Studies in mice have shown an important relationship between certain Y chromosome deletions and sperm head abnormalities (Suh et al., 1989; Styrna et al., 1991
, 2003
; Toure et al., 2004
). Toure et al. (2004
) showed that Yq deletion with abolished Ssty expression resulted in severe sperm morphological abnormalities. Similarly, reduced Rbm expression in mice has been suggested to be responsible for, or to contribute to, the abnormal sperm development (Mahadevaiah et al., 1998
). It is difficult from our study to pinpoint any region that could be responsible for teratozoospermia since all four patients have a scattered pattern of microdeletions. In humans, studies on the relationship between Y chromosome microdeletions and sperm morphological abnormalities have yet to be performed.

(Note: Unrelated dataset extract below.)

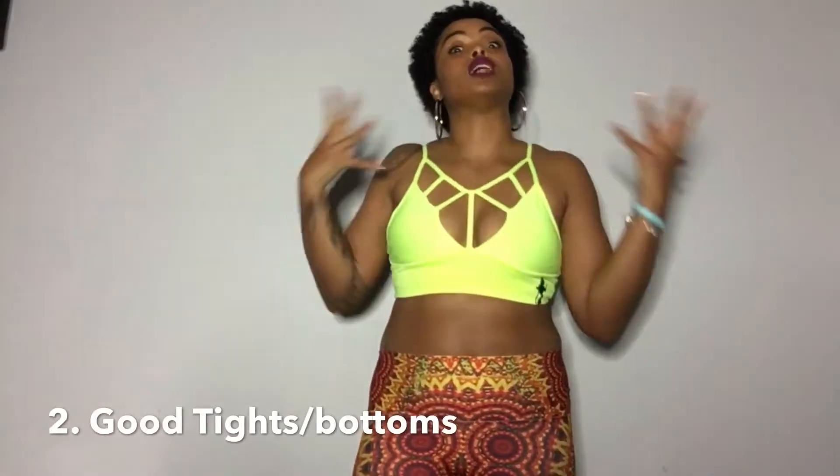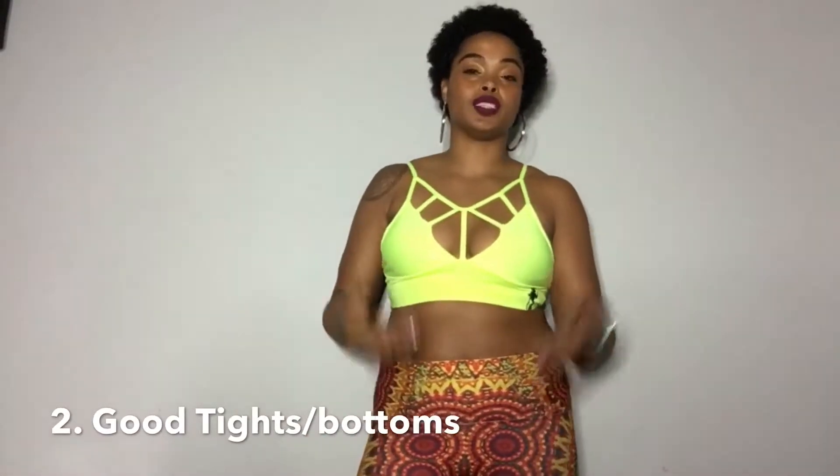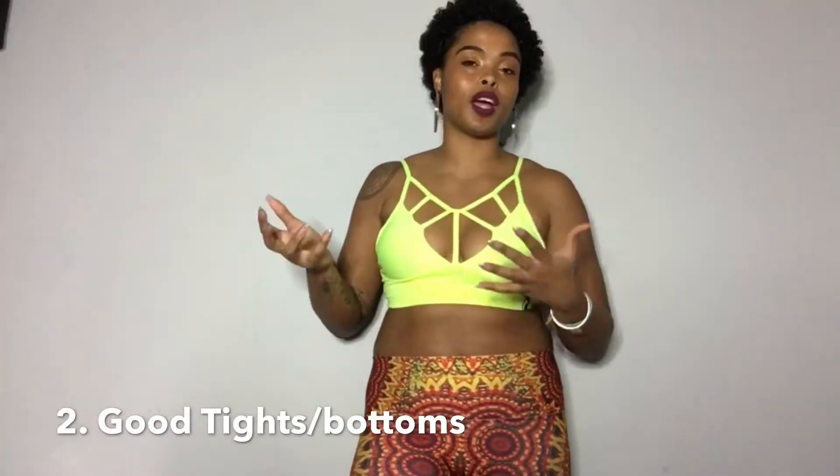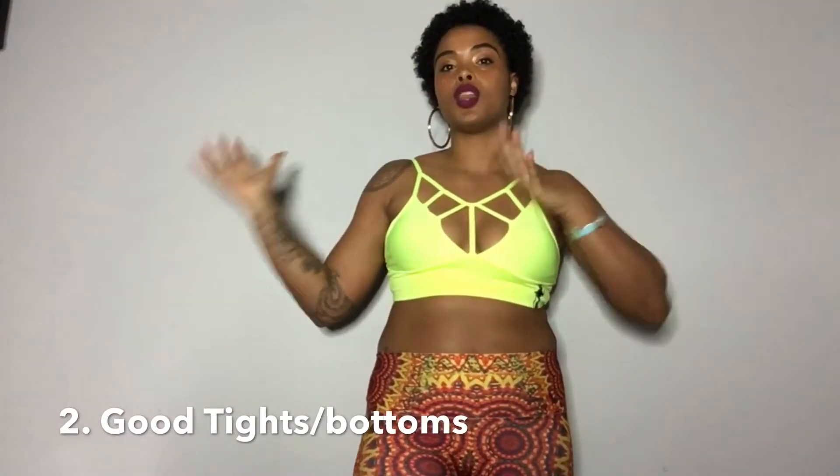Number two, some reliable workout pants. Workout pants that do not slide down, that allow you to move around, and that allow moisture to be wicked away. You don't want them to be see-through, too little, or too big — and make sure you get the right size.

There has been only a case report of a patient with globozoospermia and Y chromosome microdeletions (Zeyneloglu et al., 2002
). However, the causal effect of Y chromosome microdeletions to globozoospermia is not proven. The coexistence of Y chromosome microdeletions and sperm morphology has been reported previously (van Landuyt et al., 2000
; Rao et al., 2004
). However, in both reports, sperm count and motility abnormalities were also present. The first study described one patient who had microdeletion in AZFc region with severe oligozoospermia and abnormal morphology in sperm (van Landuyt et al., 2000
). The second described Y chromosome microdeletions in patients suffering from oligoasthenoteratozoospermia with varicocele (Rao et al., 2004
). To the best of our knowledge, our study is the first to report mosaic Y chromosome microdeletions in pure teratozoospermic patients.
Of 80 patients examined, four were found to be carriers of deletions on the Y chromosome long arm from sperm DNA. Fifty-three samples of sperm DNA extracted from anonymous donors with normal sperm count, motility and morphology showed the absence of any deletions using the same protocol. Deletions were further assessed in two patients who agreed to give blood and fresh semen samples. Leukocyte screening showed the presence of the entire AZF regions suggesting a mosaicism between sperm and peripheral blood as suggested earlier (Le Bourhis et al., 2000). A total of 10 SRY-positive sperm were screened for each patient after whole genome amplification of single sperm DNA. Interestingly, the result showed the deletion in all 10 sperm in one patient and eight out of 10 in the other. The presence of the loci in two out of 10 sperm might be due to a mosaicism in the germ cell line itself in this patient. Unfortunately, we were unable to test the other two patients because they were not available to give samples. The presence of almost complete mosaicism between somatic and germ cells could happen by the combination of two events. First is the observation of early germ cell differentiation during embryonic development (Edwards and Beard, 1999
). Pronuclear and embryonic origins of Y deletions have been proposed (Edwards and Bishop, 1997
) and deletions in the blastomere which is destined to be germ cell precursor could lead to almost complete mosaicism. Second is the generation of palindromic deletions occurring in these germ cell precursors which might result in non-contiguous deletions (Akgun et al., 1997
; Kuroda-Kawaguchi et al., 2001
). Similar non-contiguous deletions were previously reported in genomic DNA (Foresta et al., 1999
).
A correlation between teratozoospermia and Y chromosomal aneuploidy in sperm has been reported (Lewis-Jones et al., 2003; Vicari et al., 2003
). Though few data are available in humans, it is plausible to speculate roles of Y chromosome genes in the formation of a normal spermatozoon. The establishment of a relationship between teratozoospermia and Y chromosome deletions could not be done in patients carrying homogeneous deletions in all their tissue, since such deletions in AZF usually lead to a complete impairment of spermatogenesis. Those observations suggest that azoospermia or very severe oligozoospermia are the most commonly observed phenotypes in patients with homogeneous Y chromosome microdeletions. However, germinal mosaic Y chromosome microdeletions could lead to teratozoospermia probably because of missing genes responsible for spermiogenesis. This suggestion requires further research.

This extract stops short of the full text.